The answer is the exact run of lines in the listing below from the line containing "Double Color Grass Mat - 38 x 58cm" up to and including the line containing "TOM WOOD Umi", with pictures removed.

Input data START

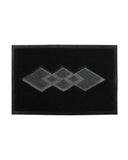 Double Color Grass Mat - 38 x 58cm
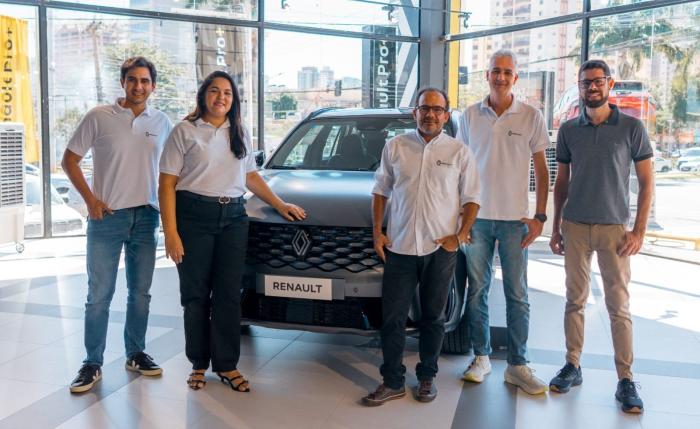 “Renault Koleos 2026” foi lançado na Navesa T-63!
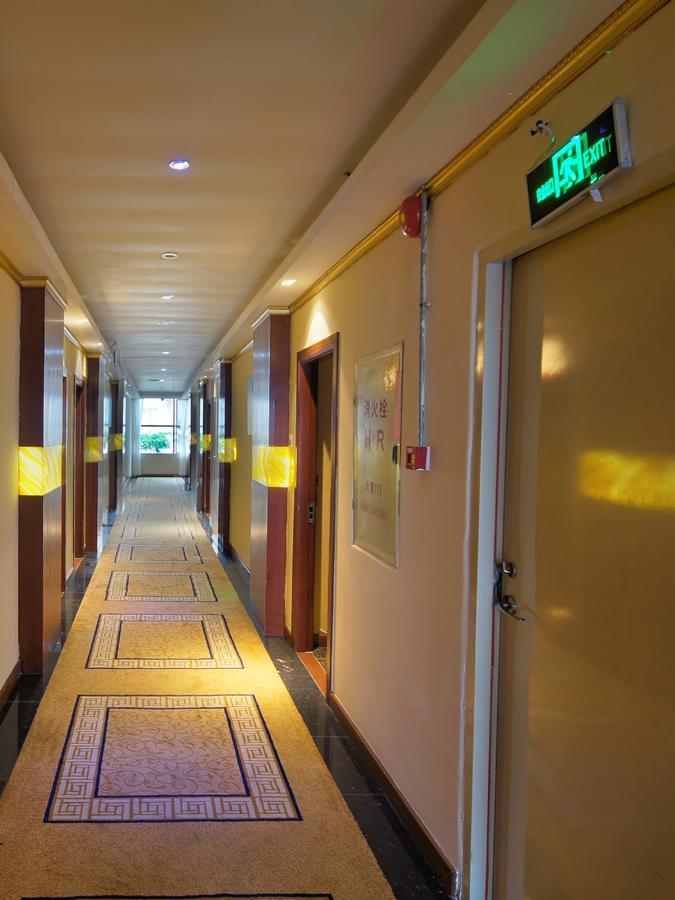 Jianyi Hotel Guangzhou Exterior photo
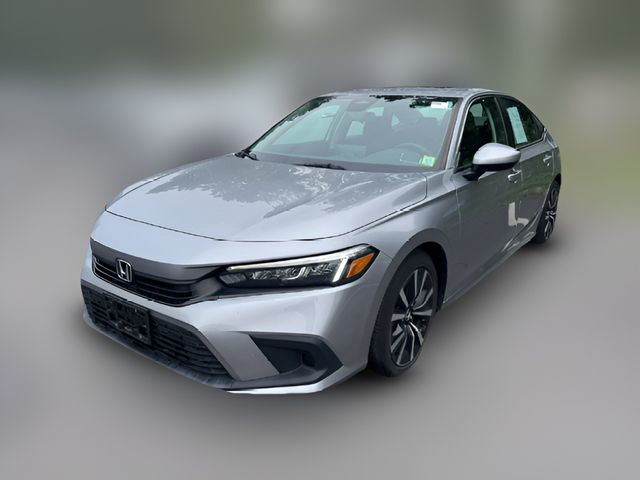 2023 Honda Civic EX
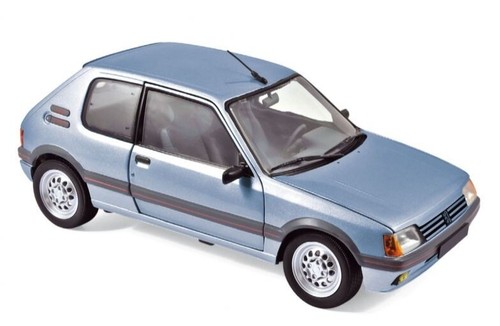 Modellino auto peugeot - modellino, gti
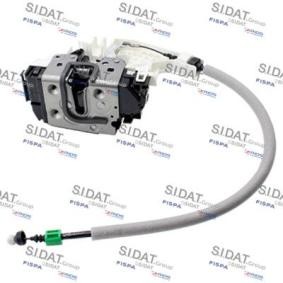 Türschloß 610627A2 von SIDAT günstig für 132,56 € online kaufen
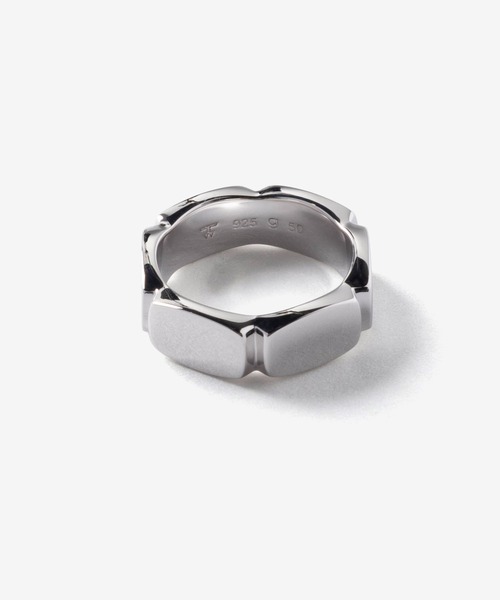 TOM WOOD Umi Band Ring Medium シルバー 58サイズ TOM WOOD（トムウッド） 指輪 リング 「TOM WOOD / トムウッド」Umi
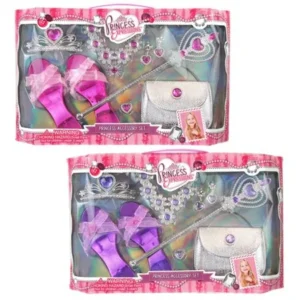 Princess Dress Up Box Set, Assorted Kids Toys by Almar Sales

Input data END
Input data START

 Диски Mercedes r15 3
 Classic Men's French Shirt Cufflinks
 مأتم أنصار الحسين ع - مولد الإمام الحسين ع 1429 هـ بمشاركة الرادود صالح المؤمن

Input data END
Input data START

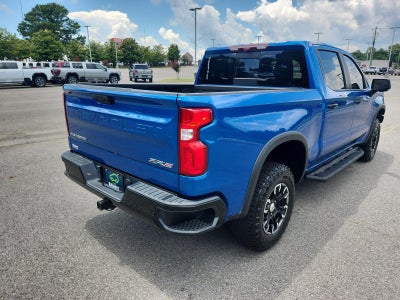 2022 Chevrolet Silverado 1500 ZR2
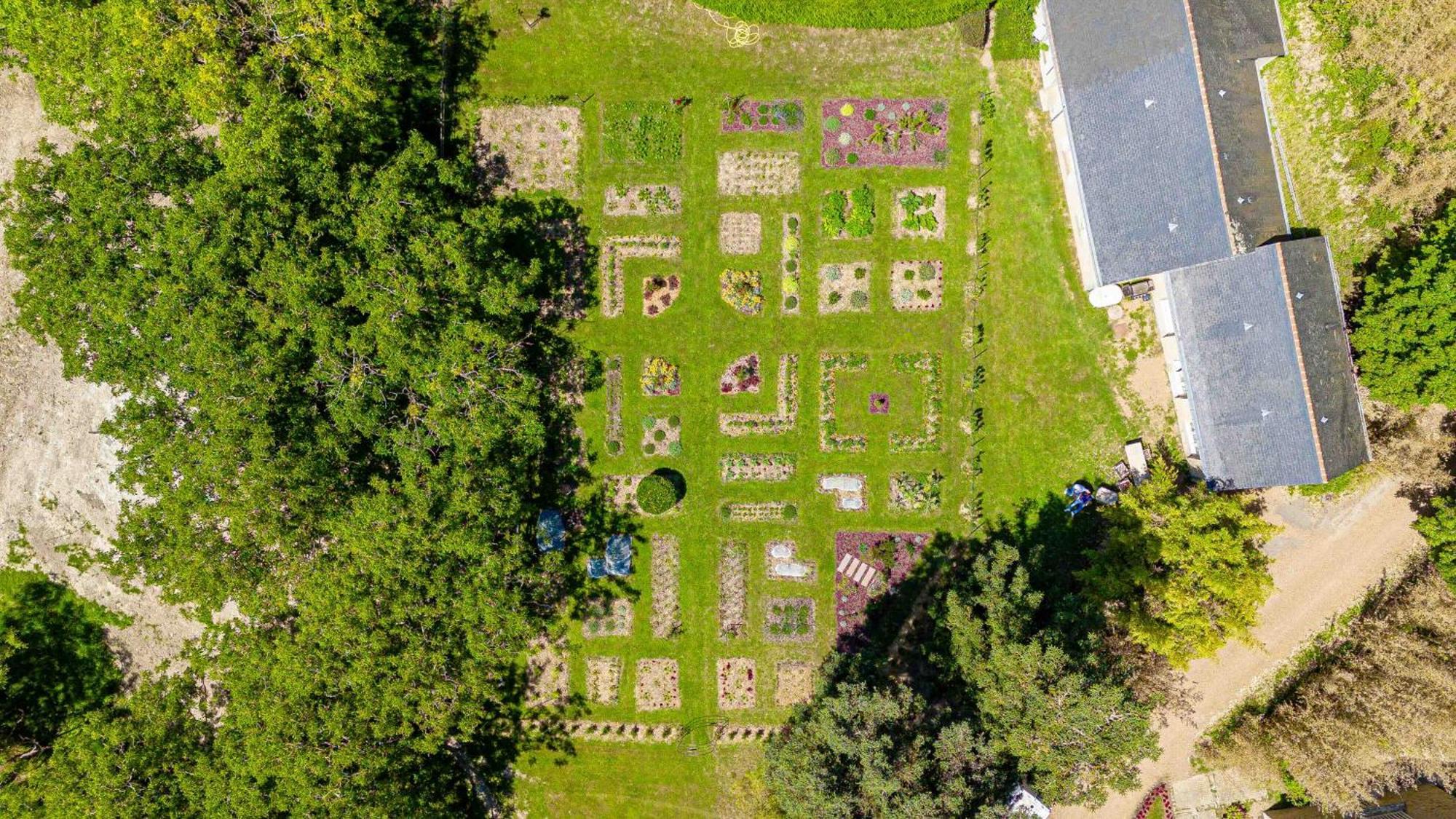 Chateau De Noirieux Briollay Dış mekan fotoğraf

Input data END

_Response box:_
 Double Color Grass Mat - 38 x 58cm
 “Renault Koleos 2026” foi lançado na Navesa T-63!
 Jianyi Hotel Guangzhou Exterior photo
 2023 Honda Civic EX
 Modellino auto peugeot - modellino, gti
 Türschloß 610627A2 von SIDAT günstig für 132,56 € online kaufen
 TOM WOOD Umi Band Ring Medium シルバー 58サイズ TOM WOOD（トムウッド） 指輪 リング 「TOM WOOD / トムウッド」Umi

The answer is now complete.